Exercise objective: Once the pictures are set aside, reproduce the entries below exactly.

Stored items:
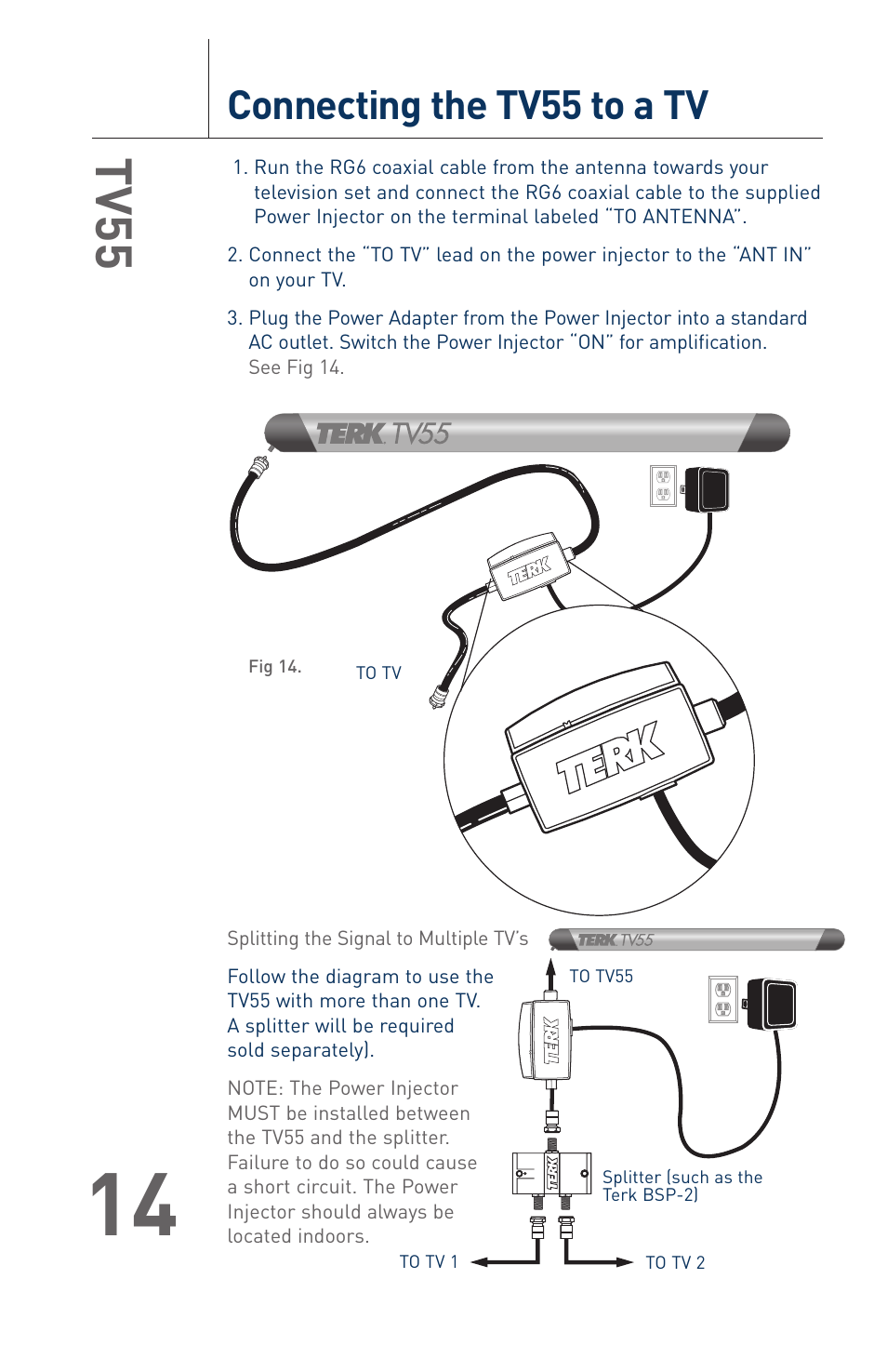 Tv55, Connecting the tv55 to a tv | Terk TV55 User Manual | Page 16 / 20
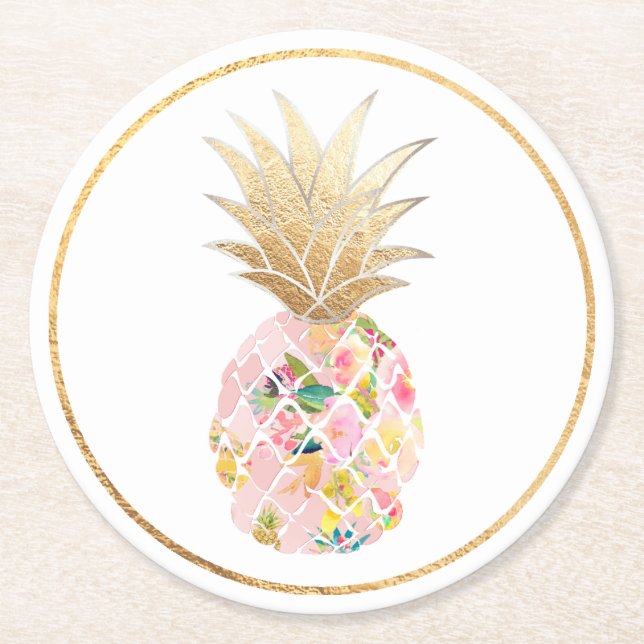 PixDezines Aloha Pineapples/DIY background Round Paper Coaster (Front)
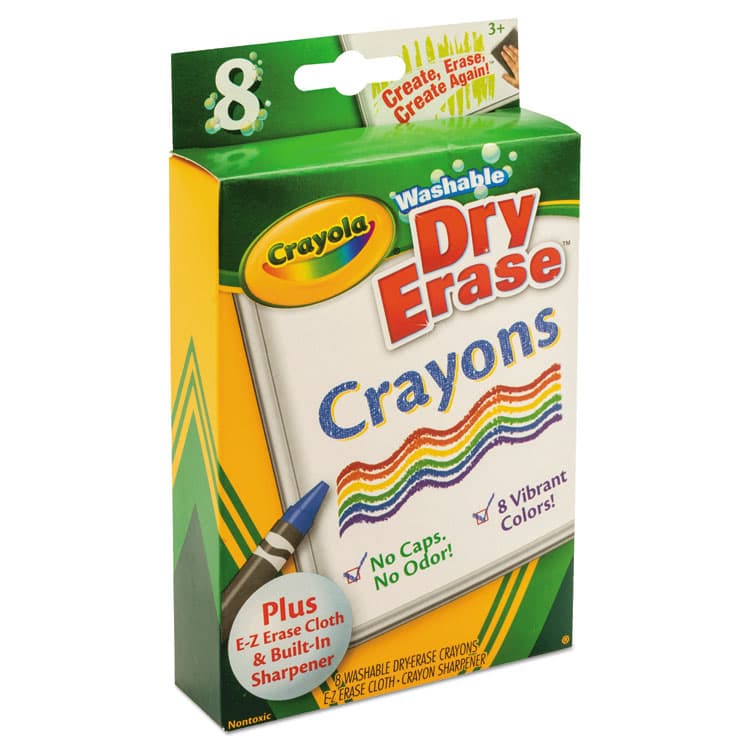 BINNEY & SMITH / CRAYOLA Washable Dry Erase Crayons with Built-In Sharpener and E-Z Erase Cloth, Large Size, 0.44" x 4", 8 Assorted Colors, 8/Pack (CYO985200) thumbnail 2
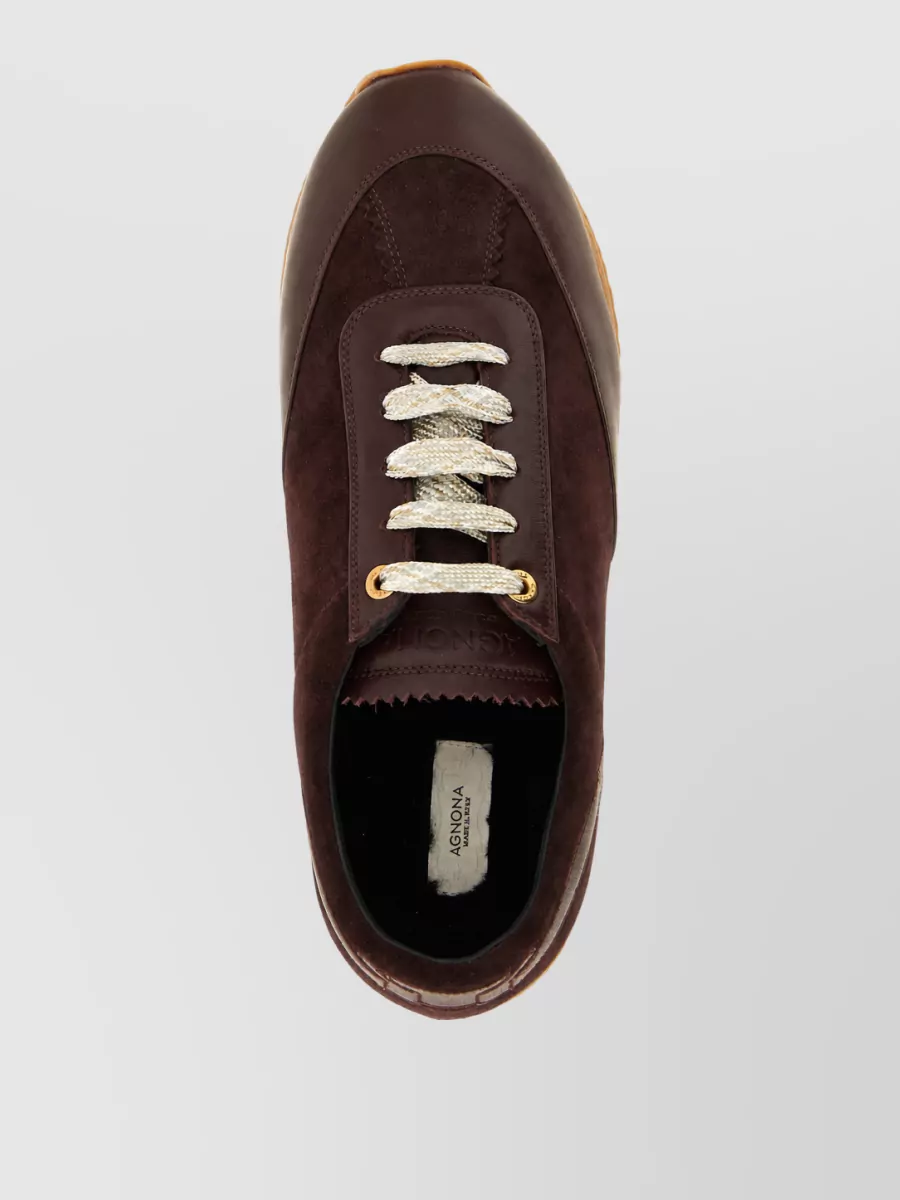 Agnona Suede Leather Lace-Up Sneakers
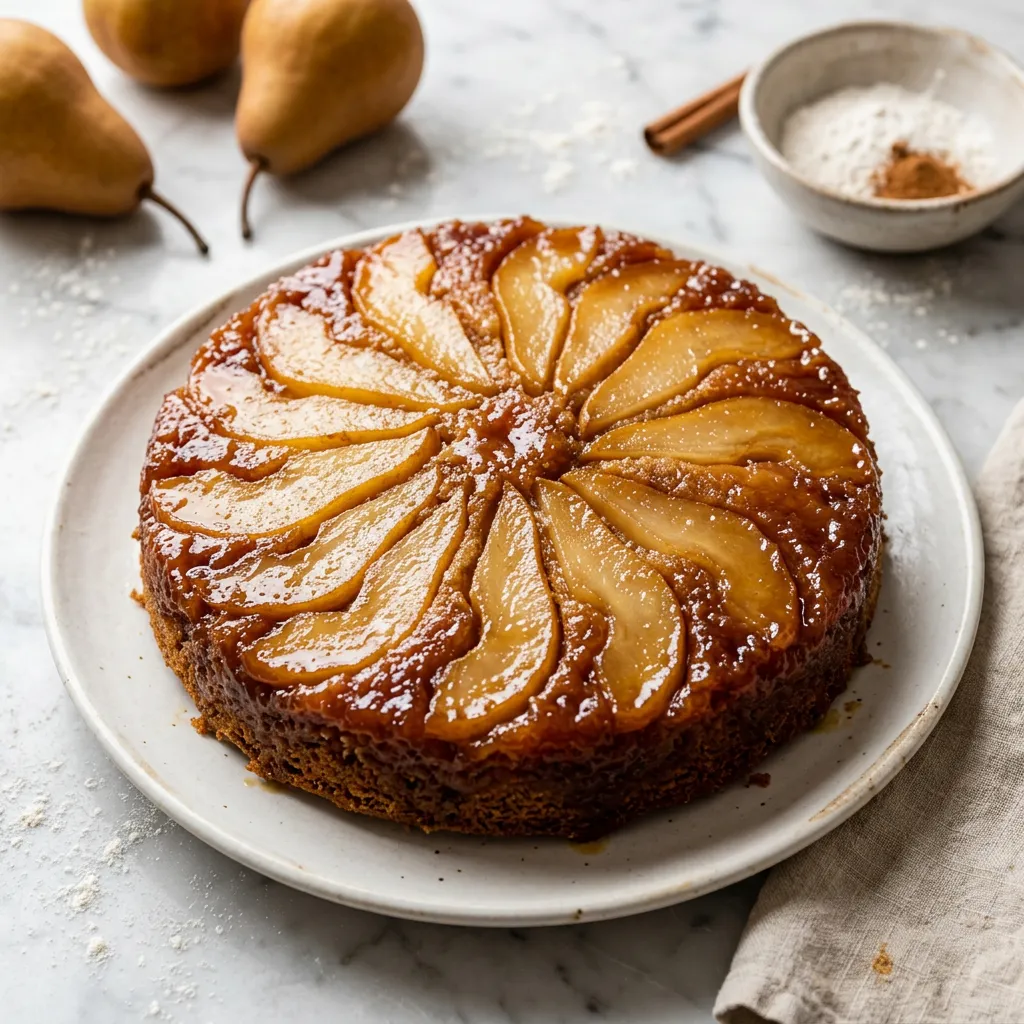 Skillet Pear Upside-Down Cake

Exercise answer:
 Tv55, Connecting the tv55 to a tv | Terk TV55 User Manual | Page 16 / 20
 PixDezines Aloha Pineapples/DIY background Round Paper Coaster (Front)
 BINNEY & SMITH / CRAYOLA Washable Dry Erase Crayons with Built-In Sharpener and E-Z Erase Cloth, Large Size, 0.44" x 4", 8 Assorted Colors, 8/Pack (CYO985200) thumbnail 2
 Agnona Suede Leather Lace-Up Sneakers
 Skillet Pear Upside-Down Cake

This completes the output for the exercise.